*** Given data Section Begins ***

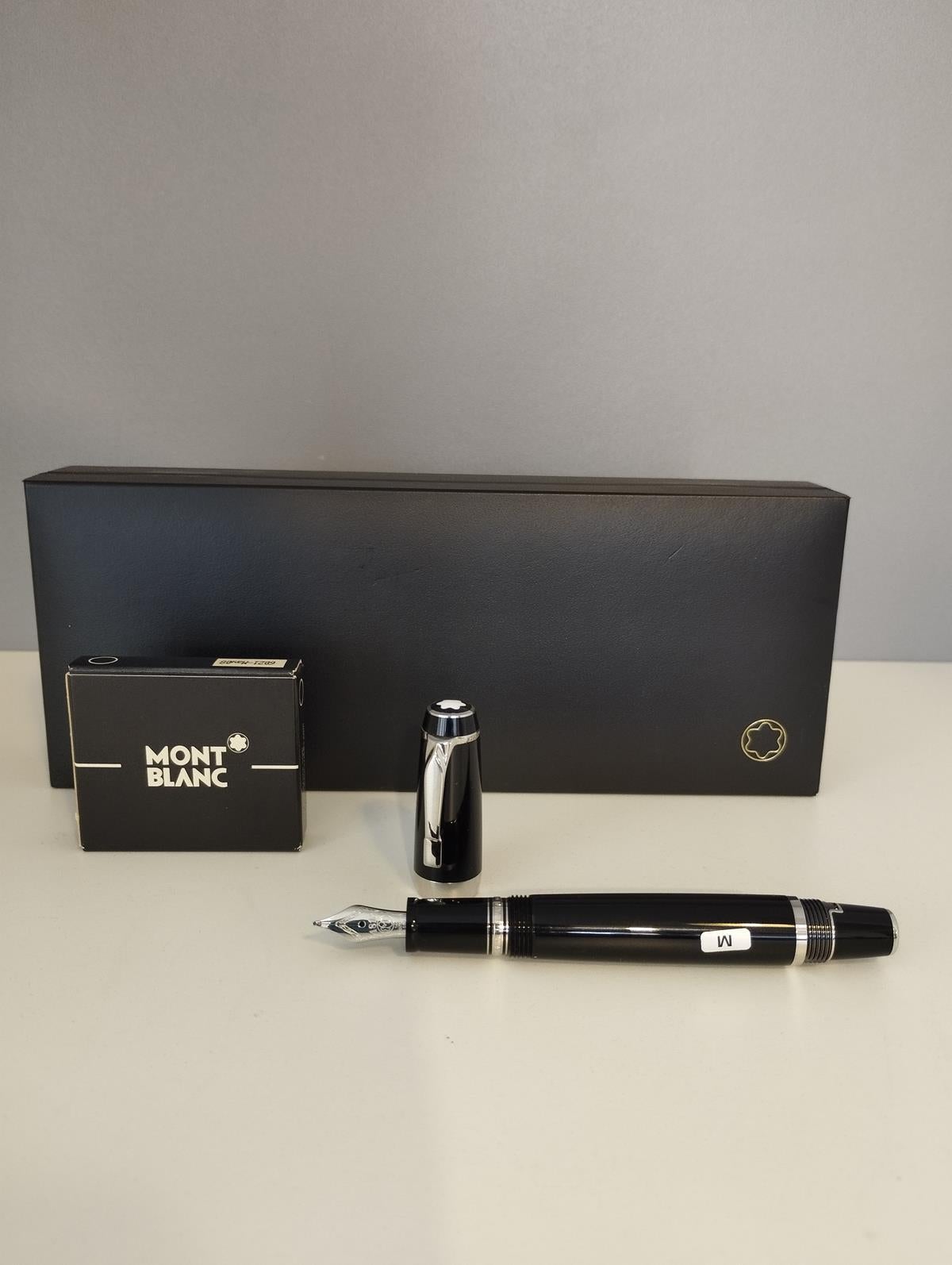 Montblanc Bohème fountain pen
With box and 6 ink cartridges
The pen is in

*** Given data Section Ends ***

- **Task statement**
Omit every picture while copying the listing above exactly.

- **Problem solution**
 Montblanc Bohème fountain pen
With box and 6 ink cartridges
The pen is in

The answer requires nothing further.